Unified Inputs
One of the most tedious parts of AI engineering is format fatigue. Some APIs want base64 strings. Others want URLs. Some want raw Buffers. Some need distinct MIME types.
llm-core solves this with a Universal Content Normaliser.
The Promise: You have a file. The model needs tokens. The framework bridges the gap so you stop writing format converters.
1) "Just Pass It"
Whether you have a remote URL, a local file path, or a raw Buffer, you pass it to the workflow in the same way.

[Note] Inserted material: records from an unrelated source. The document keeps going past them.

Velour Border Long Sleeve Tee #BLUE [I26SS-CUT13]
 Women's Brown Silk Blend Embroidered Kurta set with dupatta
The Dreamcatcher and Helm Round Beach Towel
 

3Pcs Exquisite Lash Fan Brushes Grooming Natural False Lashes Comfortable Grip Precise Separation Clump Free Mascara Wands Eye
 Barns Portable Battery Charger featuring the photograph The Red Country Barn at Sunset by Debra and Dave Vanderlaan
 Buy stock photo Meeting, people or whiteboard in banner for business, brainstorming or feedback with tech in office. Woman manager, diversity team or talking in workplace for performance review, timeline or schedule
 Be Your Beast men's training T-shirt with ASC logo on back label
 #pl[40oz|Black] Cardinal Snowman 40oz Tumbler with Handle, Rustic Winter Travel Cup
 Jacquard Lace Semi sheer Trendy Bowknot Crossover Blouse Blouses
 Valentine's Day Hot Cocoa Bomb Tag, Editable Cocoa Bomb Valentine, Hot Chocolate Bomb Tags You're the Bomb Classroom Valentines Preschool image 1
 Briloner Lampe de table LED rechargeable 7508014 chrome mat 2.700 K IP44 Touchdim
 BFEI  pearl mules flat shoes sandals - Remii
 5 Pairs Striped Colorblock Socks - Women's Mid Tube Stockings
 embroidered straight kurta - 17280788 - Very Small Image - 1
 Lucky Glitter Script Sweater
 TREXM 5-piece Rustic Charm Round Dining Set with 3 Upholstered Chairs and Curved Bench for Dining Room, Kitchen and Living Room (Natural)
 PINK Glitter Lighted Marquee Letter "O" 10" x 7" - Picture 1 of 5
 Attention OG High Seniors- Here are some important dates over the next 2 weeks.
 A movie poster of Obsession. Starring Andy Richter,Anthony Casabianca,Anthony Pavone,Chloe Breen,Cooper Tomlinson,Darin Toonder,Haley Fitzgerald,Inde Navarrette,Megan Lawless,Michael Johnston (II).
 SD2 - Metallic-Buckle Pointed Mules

The adapters handle the translation for the specific provider.
// 1. Remote URL
await workflow.run({ image: "https://example.com/chart.png" });
// 2. Data URI (Clipboard paste)
await workflow.run({ image: "data:image/png;base64,iVBORw0KGgo..." });
// 3. Raw Buffer (Node.js)
const myBuffer = fs.readFileSync("chart.png");
await workflow.run({ image: myBuffer });You do not need to check if (input instanceof Buffer). You do not need to check the provider's API docs to see if they support URLs. You just pass the image.
2) Multi-modal Content
When you need to mix text and images (e.g. "Look at this design and critique it"), use the toMessageContent helper. It creates a standard structure that works across OpenAI, Anthropic, and others.
import { toMessageContent } from "@geekist/llm-core/adapters";
const input = toMessageContent([
"Here is the design:",
{ type: "image", url: "https://..." },
"What do you think?",
]);
// Works with any multi-modal capable adapter
await workflow.run(input);3) How it works (Lazy Conversion)
We treat binary data carefully.
- Reference, don't copy: Large buffers are passed by reference until the last possible moment.
- Lazy Base64: We only convert to Base64 if the specific adapter requires it. If the provider supports raw binary or URLs, we use those instead.
- Auto-detection: We sniff the MIME type from the buffer signature if you don't provide one.
This gives you a cleaner codebase (no format logic) and better performance (no unnecessary copying or encoding).